ANALYSES

Serment d’allégeance aux armes : rétrograde ou civique ?

Presse
21 septembre 2011
Jean-Vincent Brisset - Atlantico
L’UMP a annoncé ce mardi sa volonté d’inscrire dans son projet pour 2012 "un serment d’allégeance aux armes" qui interviendrait lorsque les jeunes Français atteindraient leur majorité ou, pour les étrangers, lors de leur naturalisation. S’agit-il d’une mesure à visée électoraliste ou doit-on y trouver un sens plus profond ?

C’est quelque chose qui se fait dans beaucoup de démocraties. En France, où on n’aime pas beaucoup les serments, cela fait hurler. Malgré tout, j’ai l’impression qu’il y a une base d’électeurs de plus en plus grande intéressée par ce type de propositions. Nous sommes allés très loin du côté du non-respect de certaines valeurs. On risque désormais d’aller très loin de l’autre côté. C’est un système de balancier.


Sur le fond, la France n’a pas de quoi équiper la totalité des réservistes, sauf en cas d’invasion, mais cela ne risque pas de se produire de si tôt. "La nation en armes", plus aucun pays n’y pense ! Il existe quelques réservistes, des armes beaucoup plus techniques utilisées par un personnel nécessaire et suffisant. L’intérêt de cette proposition consiste donc à revenir dans un système moral, à un retour au système de "réarmement moral" qui passe par plusieurs valeurs : par l’éducation civique, par des gens – de droite comme de gauche – qui proposent d’encadrer les délinquants par des militaires, par le retour de la morale à l’école.

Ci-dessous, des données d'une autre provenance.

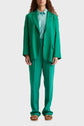 Person wearing a bright green suit with a light blue shirt and brown sandals, standing against a plain light background. The persons head is partially visible, and their hands rest by their sides.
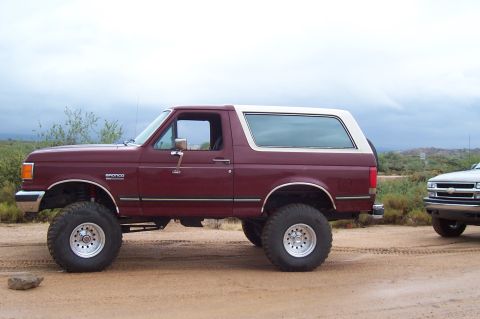 1992 Ford Bronco - This 1992 Ford Bronco features a lifted suspension and a two-tone paint scheme with a white top.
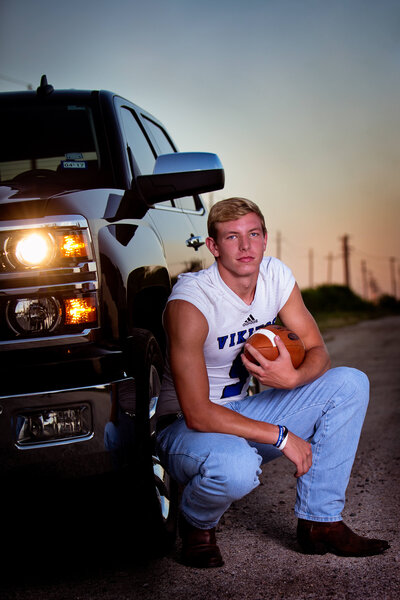 senior-guy-sunset-football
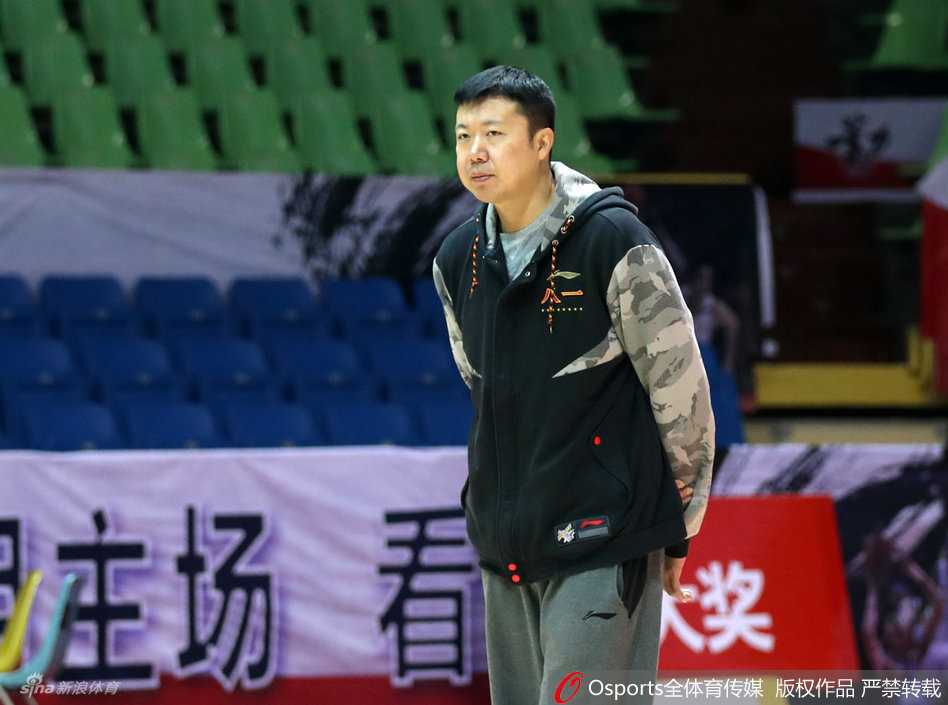 从追风少年到传奇教头:王治郅的赛场内外 新任教练王治郅在场边神情专注地观看着队员们的训练,双臂环抱,眼神中透露出作为主帅的严肃与责任感。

Un clivage social est en train de se former autour de ces questions.


Ce serment d’allégeance aux armes ne correspond donc pas "à prendre son fusil" pour défendre son pays ?

Non, car cela est techniquement impossible. Le dernier qui ait essayé, c’est Michel Debré qui a distribué des armes à la population de Paris lors du Putsch des généraux en Algérie.

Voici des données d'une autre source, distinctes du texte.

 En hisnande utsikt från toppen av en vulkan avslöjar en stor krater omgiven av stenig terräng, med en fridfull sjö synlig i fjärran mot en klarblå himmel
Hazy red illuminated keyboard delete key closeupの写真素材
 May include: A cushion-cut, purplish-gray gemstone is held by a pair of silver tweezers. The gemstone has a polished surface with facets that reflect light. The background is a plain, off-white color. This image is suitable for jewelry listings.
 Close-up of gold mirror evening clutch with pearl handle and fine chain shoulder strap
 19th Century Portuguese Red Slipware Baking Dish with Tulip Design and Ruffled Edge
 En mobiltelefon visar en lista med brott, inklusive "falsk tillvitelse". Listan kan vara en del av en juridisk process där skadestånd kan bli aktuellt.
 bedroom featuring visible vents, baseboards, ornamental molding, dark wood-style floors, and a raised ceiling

Aujourd’hui, l’intérêt consiste à empêcher l’absence de civisme. Ce n’est donc pas une adhésion physique, mais une adhésion morale qui devrait avant tout être demandée. Une adhésion à des valeurs de défense, pas seulement militaires, opposées à toute menace de quelque nature qu’elle soit qui correspond à une attaque contre la France.

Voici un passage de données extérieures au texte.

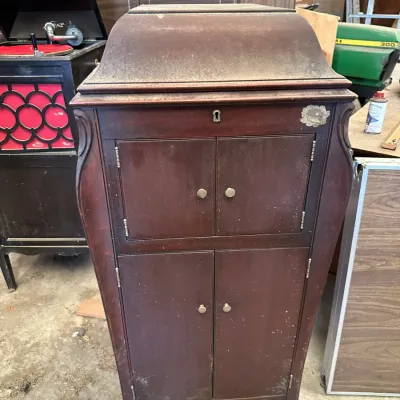 Sale Photo Thumbnail #524: Vintage floor-standing phonograph cabinet in dark stained wood, featuring double storage doors and cabriole legs.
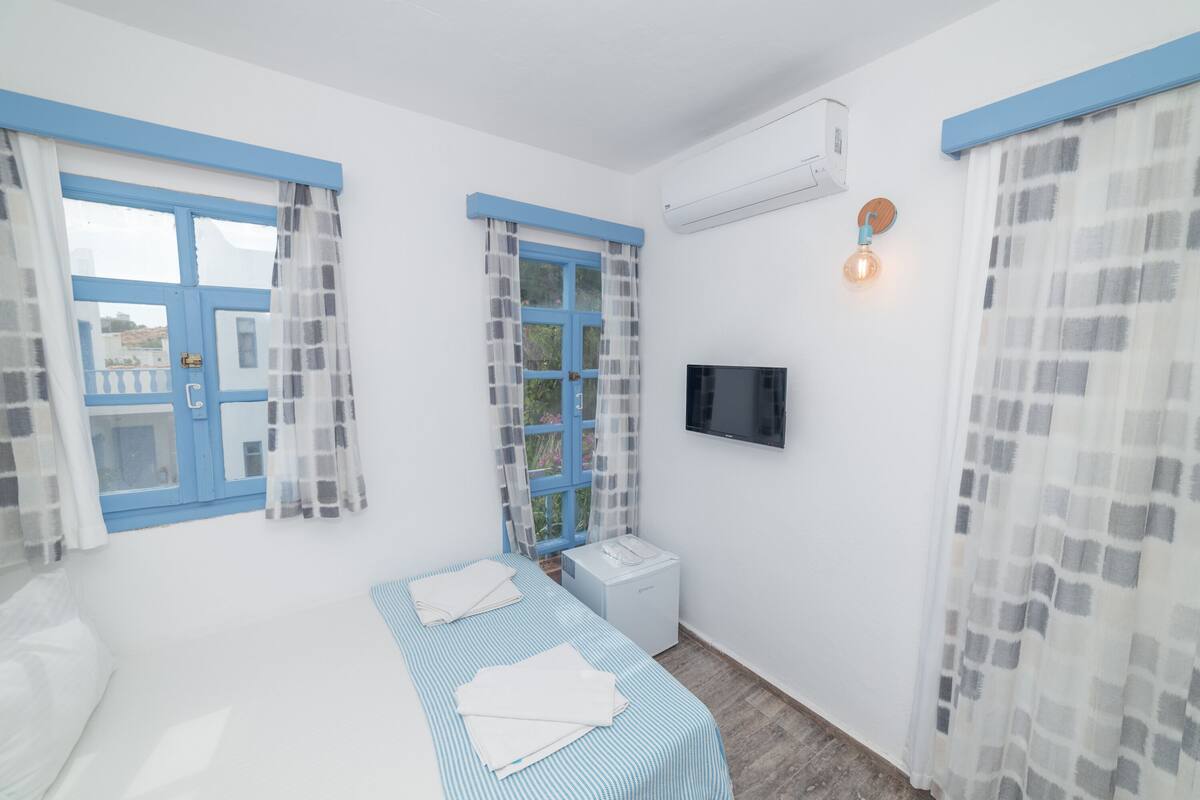 A bedroom with a bed, a bedside table, a TV, and a window with curtains.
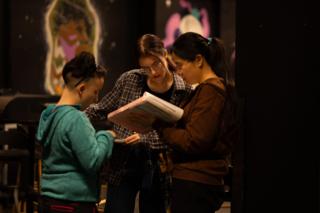 Three crew members leaning together over a script binder, painted murals glowing behind them
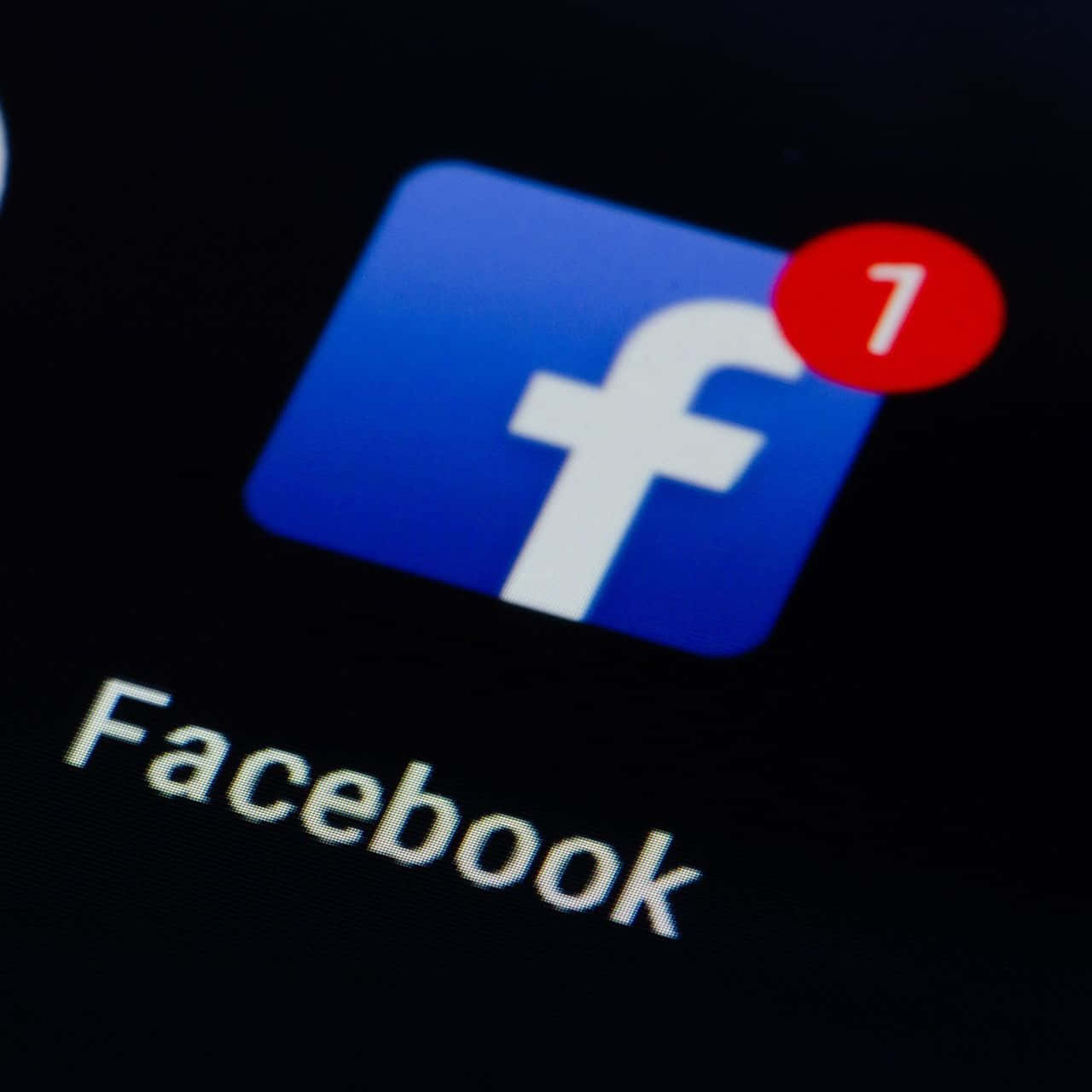 Facebook 桌布 壁紙 — 智慧型手機螢幕特寫，顯示Facebook應用程式圖示，帶有紅色通知徽章，顯示數字一。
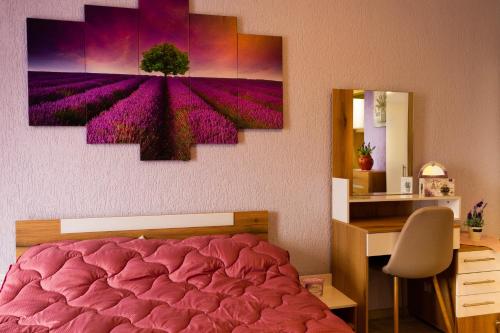 a bedroom with a pink bed and a desk and a painting at Апартамент Lavander Fleur in Nesebar
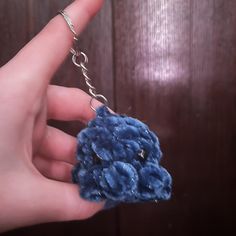 a hand holding a small blue flower keychain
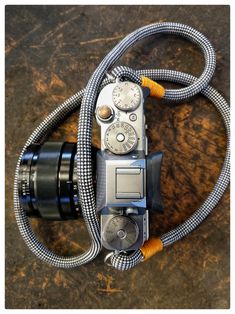 an old camera with a hose attached to it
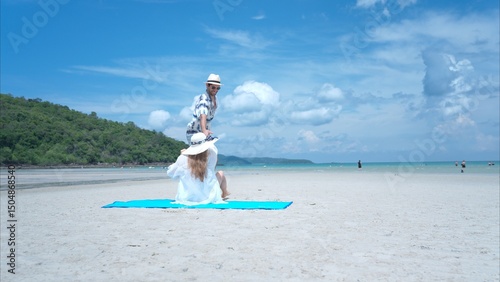 Young couple on vacation on a white sandy beach, clear sky and sea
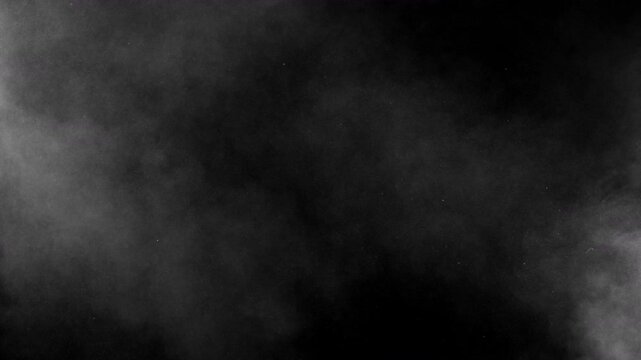 Super Slow Motion Shot of Flying Atmospheric Smoke, Isolated on Black Background , Filmed on High Speed Cinematic Camera at 1000 FPS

La finalité de la mesure ne serait-elle pas d’insérer les étrangers pour qu’ils se sentent davantage Français ?

Nous sommes effectivement en train de rendre l’acquisition de la nationalité française plus formelle. Auparavant, c’était un simple papier qu’on récupérerait au commissariat, aujourd’hui cela devient une cérémonie.


Cette mesure intervient dans un contexte de plan d’austérité où sont réduites les dépenses en matière de défense… Cette proposition joue-t-elle un rôle de compensation symbolique ?

Il est certain que cela permet à l’UMP de montrer qu’elle est favorable aux valeurs de défense nationale. Mais la défense reste une variable d’ajustement. Les gouvernements de gauche comme de droite ont diminué les crédits de la défense dès qu’ils avaient besoin d’argent.


Le premier Président de la République qui a annoncé qu’il allait baisser les moyens mais aussi les missions des militaires, c’est Nicolas Sarkozy. Auparavant, les Présidents indiquaient vouloir faire pareil avec moins. Avec le livre blanc de 2008, le Président de la République a calibré les objectifs avec les moyens.


En tant que militaire, que pensez-vous de ce serment allégeance ?

Ça me rappelle de mauvais souvenirs. J’ai assisté à ça personnellement une fois, à Brasília, et cela m’a donné l’impression d’un système un peu "facho". Je suis fils de militaire, rentré dans les forces en 1969, aviateur d’origine : cela ne correspond pas vraiment à la tradition.


Cependant, globalement, un tel serment marque un signe positif : c’est une bonne chose que l’on revienne au civisme. C’est la forme du "serment d’allégeance aux armes qui me gêne". Mais revenir à plus de droiture, je suis pour.


Reste qu’au final, selon moi, cette proposition n’est qu’un ballon d’essai lancé à l’opinion afin de voir les réactions qu’elle engendre. Elle sera de toutes façons affinée, voire supprimée.